In some embodiments, after transferring a first image from blanket 44 to a first side of a given sheet 50 (as described in Fig. 1 above), processor 20 is configured to: (i) move given sheet 50 via cylinders 73 for flipping given sheet 50, and subsequently, (ii) control impression cylinder 93 and pressure cylinder 92 to impress a second ink image formed on blanket 44 onto a second side given sheet 50. In some embodiments, the configuration of system 11, and more specifically the availability of both impression stations 84 and 95, permits a duplex printing. In the context of the present disclosure (and in the claims), the term “duplex printing” refers to printing on both sides of sheet 50 (or any other target substrate). Moreover, the configuration of two impression cylinders may also enable conducting single sided prints at higher (e.g., twice) the speed of printing double sided prints. In addition, mixed lots of single-sides and double-sided prints can also be printed. In alternative embodiments, a different configuration of module 80 (of system 10) or module 71 (of system 11) may be used for printing on a continuous web substrate. Detailed descriptions and various configurations of duplex printing systems and of systems for printing on continuous web substrates are provided, for example, in U.S. patents 9,914,316 and 9,186,884, in PCT International Publication WO 2013/132424, in U.S. Patent Application Publication 2015/0054865, and in U.S. Provisional Application 62/596,926, whose disclosures are all incorporated herein by reference.

In some embodiments, system 11 comprises one or more stations 51 configured to detect events in which a portion of sheet 50 (or any other foreign material) has been sticked to and carried by the surface of blanket 44. In the example embodiment of Fig. 2, system 11 comprises a first station 51a disposed near impression station 84, and a second station 51b disposed near impression station 95. In this example configuration, stations 51a and 51b are configured to detect events of sticked sheet(s) 50 in impression stations 84 and 95, respectively.

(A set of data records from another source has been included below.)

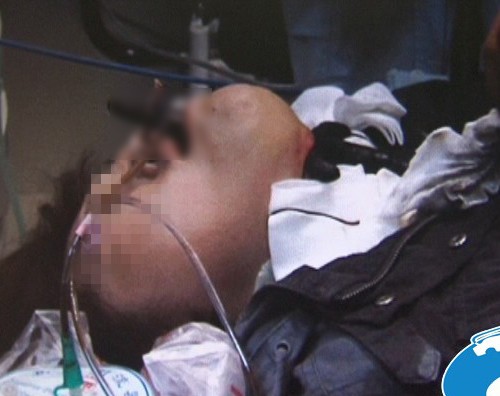 受伤女生连人带铁门的一部分躺在医院病床接受治疗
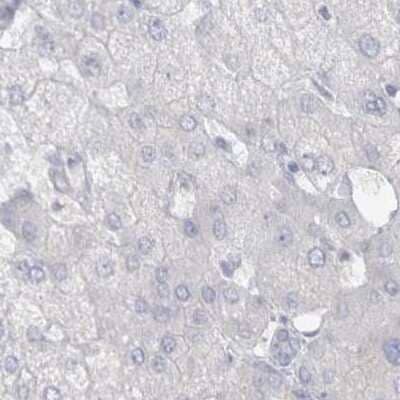 Immunohistochemistry-Paraffin: Cadherin-17 Antibody [NBP1-88237] - Staining of human liver using Anti-CDH17 antibody NBP1-88237.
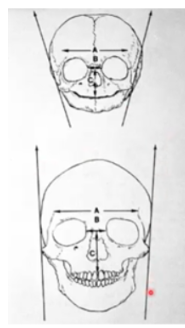 <p>-small changes in cranial width (A) and interorbital width (B) between newborn and adult</p><p>-large changes in facial width (bizygomatic width) and upper facial height (C) between newborn and adult</p><p>-newborn much wider than visceral cranium (splanchnocranium); in adult these plans are much closer because of increase in size of zygomatic bone</p>
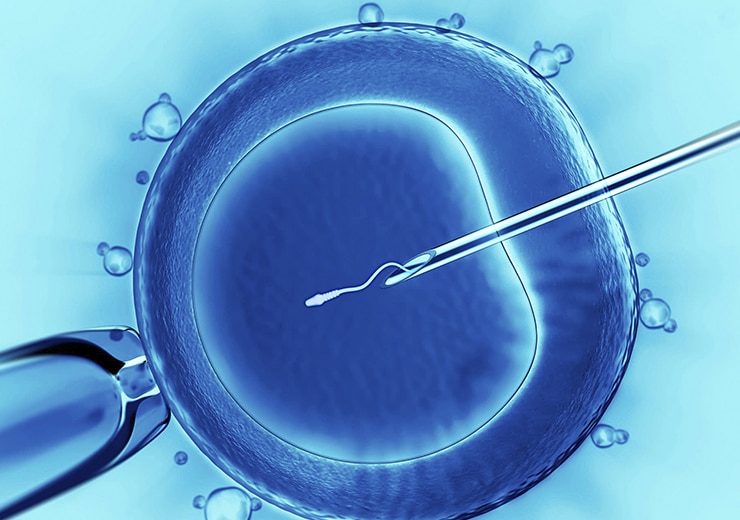 IVF (In-vitro Fertilization)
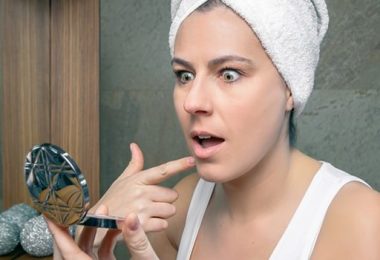Stop de Verspreiding van Acne en van de Geruchten over Acne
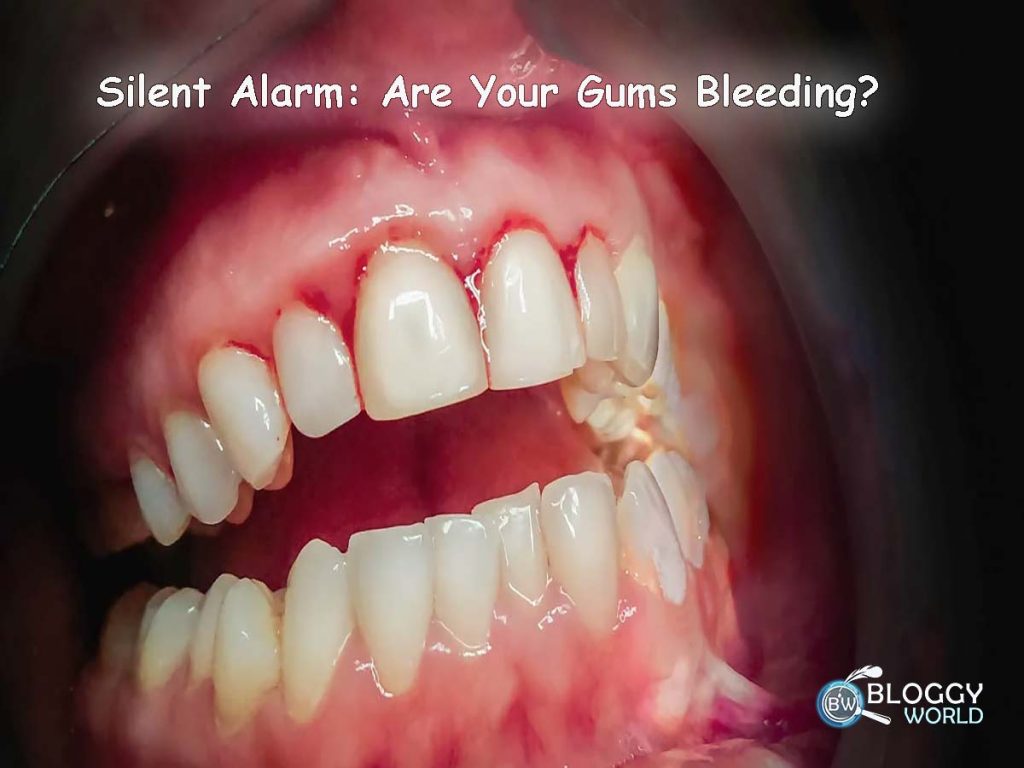 why my gums are bleeding,reasons and causes of bleeding gums why it is harmful for oral health image presented by bloggyworld.com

In other embodiments, system 11 may comprise any other configuration of one or more stations 51 disposed at any other suitable position(s) along blanket 44. For example, system 11 may comprise only station 51b located near impression station 95 as shown in Fig. 2. Additionally, or alternatively, system 10 of Fig. 1 above may comprise one or more stations 51 disposed at any other suitable position(s) along blanket 44.

Reference is now made back to Fig. 1.

In some embodiments, system 10 comprises an image quality control station 55, also referred to herein as an automatic quality management (AQM) system, which serves as a closed loop inspection system integrated in system 10. In some embodiments, image quality control station 55 may be positioned adjacent to impression cylinder 82, as shown in Fig. 1, or at any other suitable location in system 10.

In some embodiments, image quality control station 55 comprises a camera (not shown), which is configured to acquire one or more digital images of the aforementioned ink image printed on sheet 50. In some embodiments, the camera may comprise any suitable image sensor, such as a Contact Image Sensor (CIS) or a Complementary metal oxide semiconductor (CMOS) image sensor, and a scanner comprising a slit having a width of about one meter or any other suitable width.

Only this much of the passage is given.